There are literally hundreds of different species and varieties of the plants mentioned at the beginning of the article but here are a few to look out for.

Magnolia x soulangiana is possibly the plant most frequently requested in my garden designs. This is the Magnolia with the candle flame shaped flower buds opening white , pink, purple or mixes of all. Magnolia stellata and its cultivars are equally impressive and easily grown. These have star shaped flowers. Some species of Magnolia don't flower as young plants at times taking up to 15 years to bloom so be aware there are many types of Magnolia and some are for the enthusiast only.

Camellia 'Donation' is a pink with yellow stamens and is extremely tough and is great for a novice gardener. C. 'Lady Campbell' is a reliable red.

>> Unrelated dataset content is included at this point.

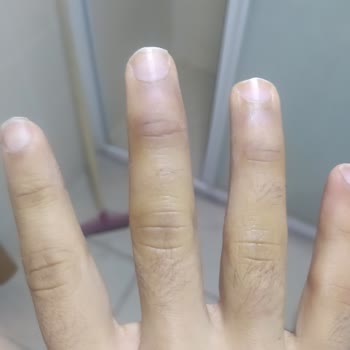 Randevu Cezası Sağlık Durumumu Tehlikeye Atıyor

Acer japonicum 'Aconitifolium' is a lovely maple that has the added bonus of beautiful pendant red flowers at this time of year just before the delicate leaves emerge. Acer palmatum make up the vast majority of Japanese maples with many cultivars. A. 'Orange Dream' and A. 'Katsura' both have lovely colour when the leaves first open as well as in the autumn. A 'Seiryu' is unusual as it has the leaf of a dwarf dissectum variety with the upright habit of a palmatum variety. Beautiful autumn colour.